12 September 2006
How lucky we are: looking back five years
Looking back on the aftermath of the 11th September attacks on the USA, it is hard to realise today just how lucky we are. Things could have turned out so differently. . .
First of all we need to remember just how sympathetic the world was to the Americans' plight. The headline in Le Monde summed up opinion in the capitalist world rather nicely when it said that "We are all Americans". For socialists and anti-globalists, that headline struck at our very vitals.
The fear was that the Americans would create a coalition of western states that would dominate the planet for the rest of our lifetimes. All talk of alternative, collectivist strategies would be doomed to failure, drowned out in a cacophony of a thousand private television and radio stations, all broadcasting the same crap.
Matters were made even worse by the memory of the large coalition that the Americans had created in 1999 to destroy Yugoslavia; doing the same to the wretched inhabitants of Afghanistan seemed a simple task.
It was simple, and that was the start of American capitals' problems. The Taliban fled from Karbul so quickly that the war seemed to be over before it had properly begun. The world seemed to be at America's feet, and they made the mistake that Germany had made in 1941. They started another war before the first one had been completed.
Withdrawing American and British troops from Afghanistan to prepare for the war against Iraq gave the Afghans the space they needed to regroup. Would they have done it anyway?
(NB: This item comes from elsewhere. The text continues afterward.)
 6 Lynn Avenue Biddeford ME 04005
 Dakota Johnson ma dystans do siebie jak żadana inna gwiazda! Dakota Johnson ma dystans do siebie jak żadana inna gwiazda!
We shall never know for certain, but the answer is probably yes, but it would have taken them a lot longer.
Invading Iraq is what broke America. The country was attacked not because it had dangerous weapons, but because it didn't. Iraq seemed weak and an occupation was "doable" to use a concept of the time. Unfortunately for the USA the Iraqis refused to go quietly and once their rag-tag army had been removed they adopted an aggressive policy of guerrilla war that has kept the American army tied down, unwilling to stay but unable to leave.
The hubris that led American policymakers to attack Iraq also led them to ignore the very countries that the USA had relied on in its previous attacks on Yugoslavia and Afghanistan. France, Germany and Russia refused to support the attack on Iraq, leading senior Americans to dismiss them as cowards and traitors to the cause. Thus western relations began to sour, which was the first bit of good news that the rest of us had seen for many a long year.
In Latin America, the nationalist left began to not only rise, it began to offer economic alternatives to the globalised development model that the Americans could not counter because they simply did not have the resources: Iraq dominated everything.
Turning to the UK, Iraq has pretty much destroyed Tony Blair's leadership. That is not to say that Nu-Labour will end with Blair, but we are far closer to seeing its end than we were in the aftermath of the 11th September. It is at least possible to talk about a Labour strategy that involves traditional Labour policies, today, and that small fact owes everything to America's blind stupidity in the two years after the attacks.
Do we owe everything to George W. Bush? Yes, that is pretty much the answer. Had this chimpanzee not been in the White House, another, more nuanced president would not have wasted the goodwill that Europe had for the USA with an attack on Iraq. Had that happened, the Americans might, just might, have been able to conquer Afghanistan completely and then they could have continued on to Iraq in their own good time - perhaps taking the European powers with them.
Under such a scenario Latin America would not have dared to try and break free from Washington's orbit, and Tony Blair today would still command respect instead of derision in Great Britain.
It could all have been so different, and we are very lucky indeed that things turned out the way they have. Good luck and blind chance are all we have to thank for the disarray that we see in the formerly united ranks of the capitalist enemy today.